After years of searching, I've finally found an event that was memorialized in a letter my Grandfather (Edward P. Reinert) wrote to his Mother while my Great-Grandfather was serving as a Government Locomotive Inspector at Baldwin Locomotive works during World War 2. They moved to Philadelphia in 1943 and returned to Hammond sometime in 1946. He (Paul R. Reinert) then went back to the Monon as a "Switch Engineer", having been employed by the Monon since 1915. First as a Fireman then promoted to Switch Engineer in 1924. (He also served as a Railroad Fireman in the US Army Transportation Corps in France during WW1. His old contacts from this time in the service were the reason he was offered a job as inspector in the 1930's. He took the required test and passed, was offered the job, but declined at that time. He was later re-offered the job, and decided to "do his part" for the then-current War effort.)

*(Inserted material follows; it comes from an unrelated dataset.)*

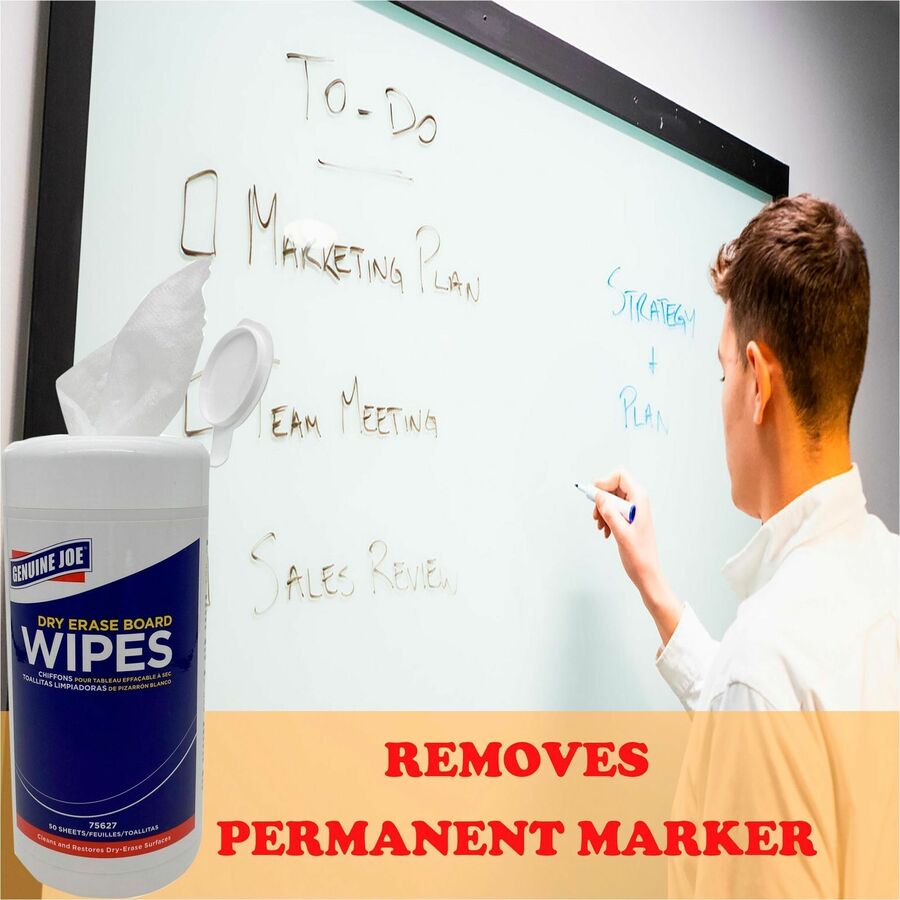 Genuine Joe Dry Erase Board Cleaning Wipes - 5.90" Width x 8.25" Length - Used as Shadow Remover, Ghost Remover - Non-toxic, Low Odor - White - 50 / Tub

My Grandpa wrote this letter, entirely in prose, advising her of the various happenings back in Hammond which included this small part:
"A boy was killed in the Monon Yard. It happened when he and another young Pard', Were ducking between cars when a cut came in, He was killed in an instant or a moment within."
The event I found in the Hammond Times archives is dated July 13, 1944 and shows the boy on the ground with a cop standing over him. A downright horrific photo, the likes of which were quite common then.